BRIEF DESCRIPTION OF THE DRAWINGS
[0006] For a detailed description of exemplary embodiments of the
invention, reference will now be made to the accompanying drawings
in which:
[0007] FIG. 1 shows a system to implement an adaptive step-size for
a simulation in accordance with various embodiments;
[0008] FIG. 2 shows an example of a storage device that includes an
adaptive step-size generation module in accordance with various
embodiments;
[0009] FIG. 3 shows a method to implement an adaptive step-size for
a simulation in accordance with various embodiments; and
[0010] FIG. 4 shows a method to further illustrate an
implementation of an adaptive step-size for a simulation in
accordance with various embodiments.
NOTATION AND NOMENCLATURE
[0011] Certain terms are used throughout the following description
and claims to refer to particular system components. As one skilled
in the art will appreciate, companies may refer to a component by
different names. This document does not intend to distinguish
between components that differ in name but not function. In the
following discussion and in the claims, the terms "including" and
"comprising" are used in an open-ended fashion, and thus should be
interpreted to mean "including, but not limited to . . . . " Also,
the term "couple" or "couples" is intended to mean either an
indirect or direct connection. Thus, if a first device couples to a
second device, that connection may be through a direct connection,
or through an indirect connection via other devices and
connections.
DETAILED DESCRIPTION
[0012] The following discussion is directed to various embodiments
of the invention. Although one or more of these embodiments may be
preferred, the embodiments disclosed should not be interpreted, or
otherwise used, as limiting the scope of the disclosure, including
the claims. In addition, one skilled in the art will understand
that the following description has broad application, and the
discussion of any embodiment is meant only to be exemplary of that
embodiment, and not intended to intimate that the scope of the
disclosure, including the claims, is limited to that
embodiment.
[0013] Computer-based simulation enables the analysis of complex
systems before time and expense of actually implementing the
systems is incurred. Generally, a simulator is a system or an
engine executing a software application that analyzes a system
(e.g., a circuit design) based on a description of that system to
predict behaviors of the system under a given set of conditions.
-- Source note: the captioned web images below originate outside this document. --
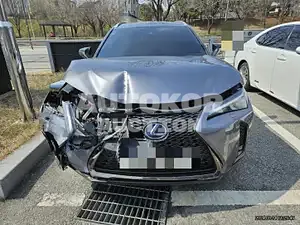 2021, Lexus / UX 250, VIN: JTHR6JBH4M2103204, 44688 км., hybrid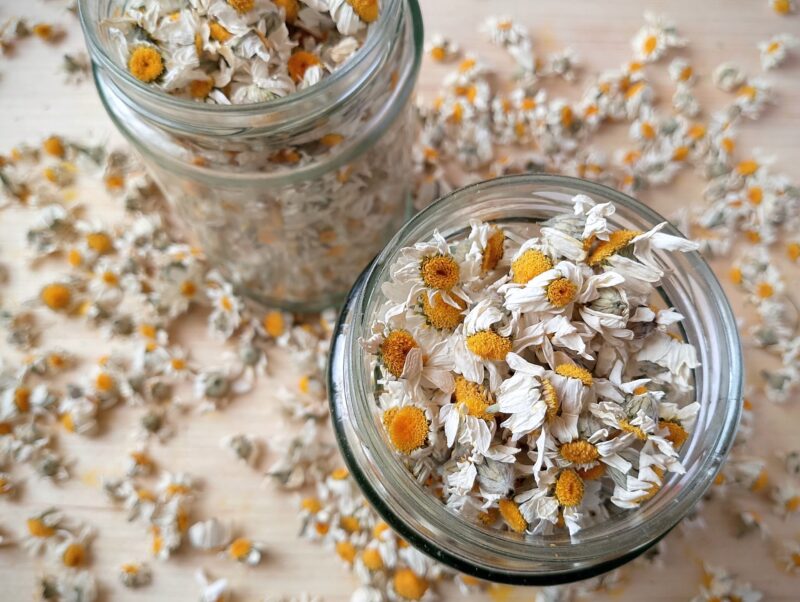 Transferring dried chamomile flowers to jars for storage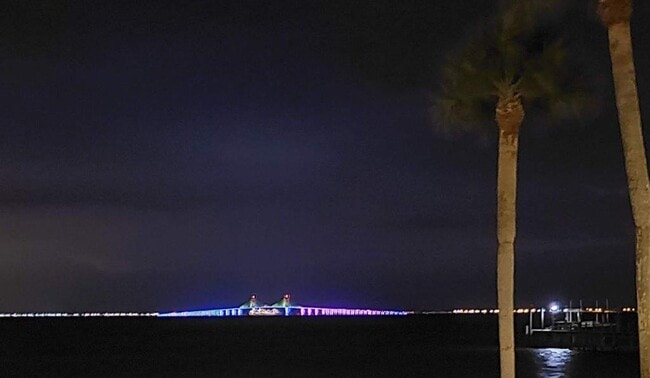 Building Photo - 650 Pinellas Point Dr S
Thus, the simulator is not just software. Typically, the system
description is made up of equations describing the desired behavior
of the system. The simulator solves these equations in the context
of simulated conditions represented by stimuli applied to the
system so that the system is operated under the simulated
conditions.
[0014] In one example, a circuit simulator is frequently used to
simulate a circuit design. The circuit simulator constructs circuit
equations from mathematical models of components in a circuit. The
mathematical models may be provided in the circuit simulator (e.g.,
semiconductor device models of SPICE-like simulators), and/or may
be specified by a user using a hardware description language (e.g.,
Verilog-A). The circuit simulator combines the mathematical models
of the components with equations that describe the interconnections
of the components to construct a set of nonlinear differential
algebraic equations (DAEs) that describe the circuit. In many
circuit simulators, the interconnection equations are derived from
Kirchoff's voltage and current laws which require that the sum of
all currents flowing out of a node at any instant is zero and the
algebraic sum of all branch voltages around a loop at any instant
in time is zero. The node in a circuit design is a physical point
of the circuit design; the loop is made up of at least two nodes in
the circuit design, wherein the loop includes the same starting
node and ending node.
[0015] A variety of types of analyses of a circuit design may be
implemented by using the circuit simulator, for example, transient
analysis, direct current (DC) analysis, alternative current (AC)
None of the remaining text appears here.